CHEN WEI: MORE

View of “More,” 2012 Leo Xu Projects, Shanghai From left: Coins in Fountain Basin, 2011 Coins No. 1, Coins No. 2, 2012 Courtesy of Leo Xu Projects PHOTO: Justin Jin

The word “more” is a word full of hunger. It is also a word many Chinese people associate with the American cigarette brand “More”— or “Mó’ěr,” its transliteration in Chinese. In the 1980s and 90s, these slim cigarettes were all the rage in China. A large contingent of teenage boys became fond of collecting the wrapping paper of imported cigarette brands. In those days, a wrapper collection was not complete without the “Mó’ěr” brand name. As far as the collectors were concerned, to be in possession of a set of those exquisitely printed throwaways was a sign of trendiness and superiority. The reality is, in that age of material scarcity and sensory deprivation, these kids, together with the adult world, were relishing the symbolic value of anything imported. At the time, few people could have envisioned a near future in which their lives would be at the very center of the tidal wave of globalization. But even with the wave’s arrival, the hunger in people’s hearts has remained. It has not been eliminated or alleviated, but has rather intensified, provoked by its new surrounding reality.

Chen Wei was born in 1980, and— though he himself never collected imported cigarette wrappers— growing up in the 30 years since China’s Opening and Reform endowed him with lived experiences and first-hand memories of the nation’s transformation: the subject matter for his photographic practice. In these works, the actual images drift about, sometimes vague and obscured, but for his audience, they are clear, a kind of shared psychological symptom. Precisely because of this, Chen Wei’s photographs engender an irresistible sense of closeness and intimacy. With this new Shanghai exhibition, Chen has become more conscious of emphasizing this point than ever before.

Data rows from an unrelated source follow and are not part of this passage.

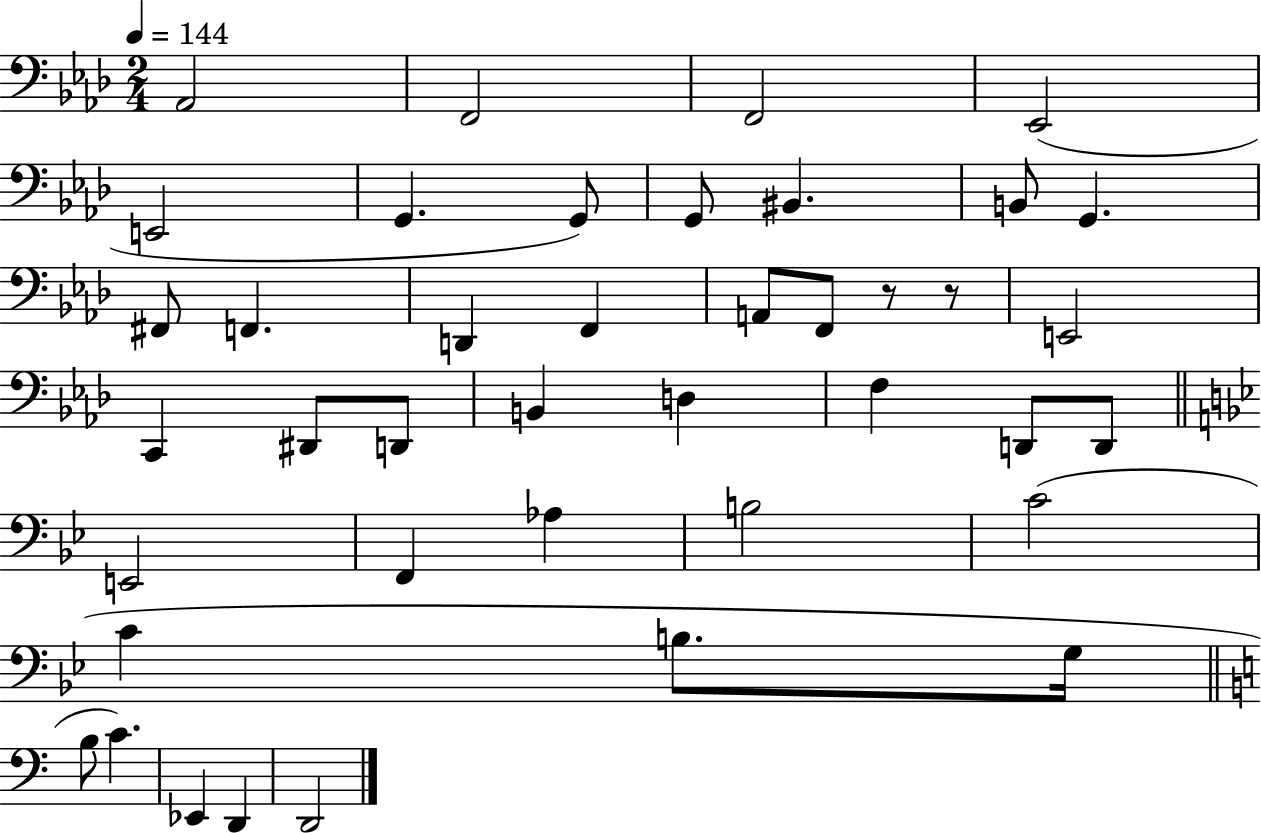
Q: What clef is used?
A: bass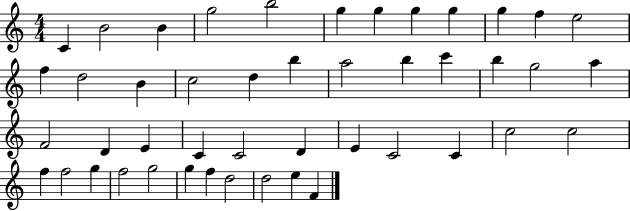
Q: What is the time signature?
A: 4/4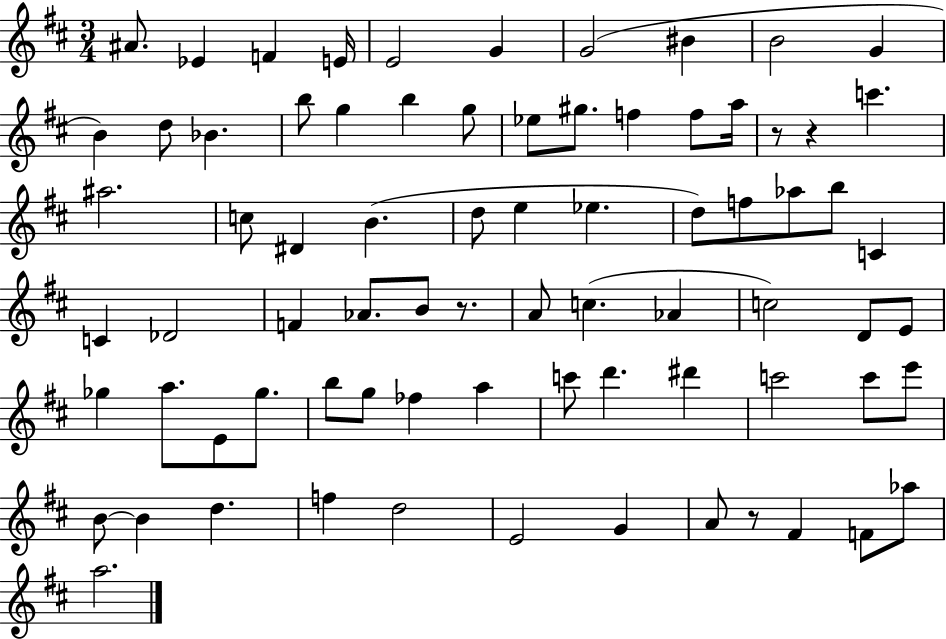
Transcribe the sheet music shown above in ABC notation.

X:1
T:Untitled
M:3/4
L:1/4
K:D
^A/2 _E F E/4 E2 G G2 ^B B2 G B d/2 _B b/2 g b g/2 _e/2 ^g/2 f f/2 a/4 z/2 z c' ^a2 c/2 ^D B d/2 e _e d/2 f/2 _a/2 b/2 C C _D2 F _A/2 B/2 z/2 A/2 c _A c2 D/2 E/2 _g a/2 E/2 _g/2 b/2 g/2 _f a c'/2 d' ^d' c'2 c'/2 e'/2 B/2 B d f d2 E2 G A/2 z/2 ^F F/2 _a/2 a2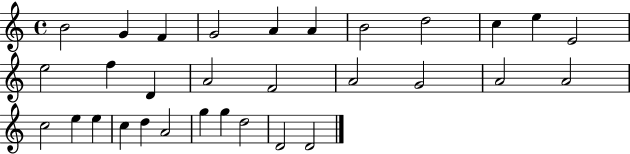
B4/h G4/q F4/q G4/h A4/q A4/q B4/h D5/h C5/q E5/q E4/h E5/h F5/q D4/q A4/h F4/h A4/h G4/h A4/h A4/h C5/h E5/q E5/q C5/q D5/q A4/h G5/q G5/q D5/h D4/h D4/h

Due to spatial limitations, the exhibition is divided into upper and lower levels. But its expressive intent does not become disjointed as a result. Upon entering the gallery, one is encountered with a photo of a pair of shattered glasses, and a scene of a room pelted to oblivion by tomatoes. This surge of aggression is soon tamed, however, by the work Ping Pong. Although Chen Wei’s explanations of his own works remain consistently open-ended, Ping Pong serves as a sort of turnkey for the exhibition. Chen integrates the symbolic relationship between the broken-down table (an upturned door) and the net (made of interconnected “Mó’ěr” packaging), together with the notion of ping-pong itself as a classic symbol of China’s diplomatic history. The set-up forms a sort of watershed for the exhibition, separating the distinct experiences of life of two distinct eras. Therefore, the photographs on the second floor seem to deal with life experienced in the present. On the one hand, in both Coins in Fountain Basin and Coins Chen Wei discusses desire’s attendant emptiness. The underwater coins are like bright stars in the night sky, glimmering in plain sight but entirely unattainable. On the other hand, the works in the next room express the symptoms and signs of desire: gloves filled with coins; a post-feast feast table cleared of food; a young man gazing into the distance from his place on a raised ladder. If the viewer were were to horizontally contrast the two exhibition spaces, she would begin to feel an unmistakable pessimism originating within the body.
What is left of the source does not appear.